"Das Scheidungsgesetz gehört komplett
überarbeitet" Interview mit Fernand Kartheiser, Sekretär der
neuen "Association des Hommes Luxembourgeois"
Photo : F.Aussems
Am 18. Dezember 2005 wurde die .Association
des Hommes du Luxembourg" (AHL) gegründet, welche die "Association
luxembourgeoise d'Aide aux Hommes Divorcés ou en instance de Divorce" ersetzen
soll. Die AHL kümmert sich auch weiterhin um den Themenbereich Scheidung, hat
aber gleichzeitig ihr Tätigkeitsfeld erweitert. In diesem Kontext unterhielten
wir uns mit Fernand Kartheiser, der die Rolle des Sekretärs der Vereinigung
übernommen hat. Letzebuerger Journal: Herr Kartheiser, was hat sich mit der
Neugründung der "Association des Hommes du Luxembourg" geändert? Fernand
Kartheiser: Die AHL beschäftigt sich auch weiterhin mit dem Thema Scheidung. Da
Männer und Jungen jedoch oft noch mit ganz anderen Problemen zu kämpfen haben,
mussten wir unser Mandat erweitern. Bisher gab es in Luxemburg keine
Organisation, die sich mit männerspezifischen Schwierigkeiten auseinandersetzte,
derweil es ja zahlreiche Frauenorganisationen gibt, die wiederum massiv vom
Staat unterstützt werden. Wir versuchen mit der AHL diese Lücke zu füllen. Wir
betreten sozusagen Neuland, fangen also bei Null an. Eine statutarische Basis
war der Anfang, jetzt hoffen wir auf die nötige Unterstützung. LJ: Sie sind
der Ansicht, dass wenn von Chancengleichheit gesprochen wird, sich dies zu sehr
auf die Frauen bezieht, derweil der Mann deutlich in den Hintergrund
tritt... F.K: ...ja, das denken wir. Gleichgültig über welchen Bereich wir
reden, der Begriff der Chancengleichheit wird in diesem Land stets zu Gunsten
der Frau ausgelegt. Wir befinden uns momentan in einer Situation, in der die
Frau gegenüber dem Mann klar privilegiert wird. Dieses Ungleichgewicht wird von
der Politik konsequent vorangetrieben und genau hier bewegen wir uns in die
falsche Richtung. Die Interpretation von Chancengleichheit bezieht sich nicht
nur auf ein Geschlecht. Wir haben längst eine Situation erreicht, in der es
einem Begriff wie Chancengleichheit droht, seines Sinnes entleert zu
werden. LJ: Die Nachfrage an Ihrer neuen Vereinigung ist demnach durchaus
gegeben? F.K.: Davon können Sie ausgehen. Allein gestern Abend erhielten wir
über 20 Anrufe, wobei es sich meist um äußerst tragische Fälle handelt.

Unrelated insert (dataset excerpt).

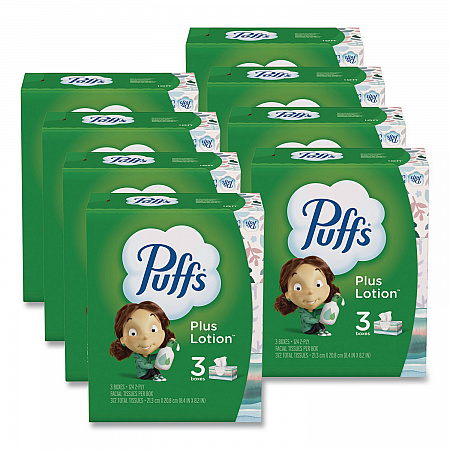 Plus Lotion Facial Tissue, 2-Ply, White, 124 Sheets/Box, 3 Box/Pack, 8 Packs/Carton (39363)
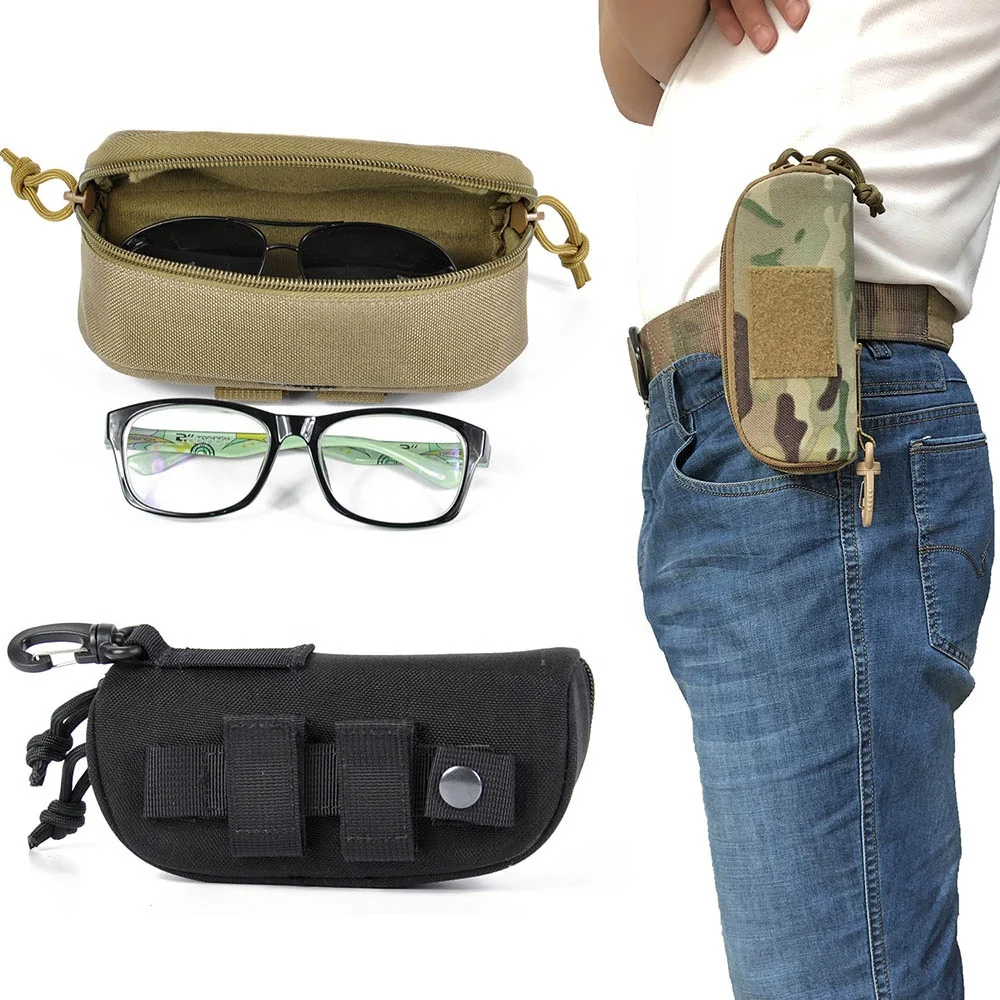 Tactical Molle Zipper Eyeglasses Case 1000D Nylon Anti Shock Hard Clamshell Eyewear Carry sunglasses pouch bag with POM Clip (62149733581)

Dramatische Scheidungsfälle werden uns zuhauf geschildert, Männer die ohne Geld
da stehen, kein Zuhause mehr haben und sich in einer ausweglosen Situation
befinden. Wir sind uns durchaus bewusst, dass wir noch einen weiten Weg vor uns
haben, bis wir betroffenen Männern gezielt helfen können. LJ: Worin ist also
die Aufgabe der AHL zu sehen? F.K.: In konkreten Fällen zu helfen ist
natürlich ein wichtiges Ziel, wobei wir davon leider noch weit entfernt sind. In
einem ersten Schritt werden wir an die Parteien sowie an die öffentlichen
Instanzen herantreten, auch an die Regierung, um zu bewirken, dass bestehende
Gesetze überarbeitet oder geplante Gesetze gar nicht erst gestimmt werden. Denn
einige von diesen gehen unserer Ansicht nach, weit über das hinaus, was noch
gerecht und vertretbar ist. LJ: Was gibt es konkret auszusetzen? F.K.: Das
geplante Scheidungsgesetz müsste beispielsweise komplett überarbeitet werden,
vor allem die Artikel betreffend die Wohnung, die Unterhaltszahlungen sowie das
Sorgerecht, unsere drei Hauptkritikpunkte. Auch das Gesetz über die sexuelle
Belästigung gehört dringend reformiert. Was das Thema Gewalt in der Ehe angeht,
so hat Luxemburg mittlerweile das strengste Gesetz auf der ganzen
Welt. Gewalt in der Ehe Bei der Debatte über häusliche Gewalt fehlt es an
Objektivität. Als das Gesetz damals gestimmt wurde, hat auch keine wirkliche
gesellschaftliche Debatte über häusliche Gewalt stattgefunden. Es wurden
lediglich feministische Maximalforderungen in einen Gesetzestext gegossen.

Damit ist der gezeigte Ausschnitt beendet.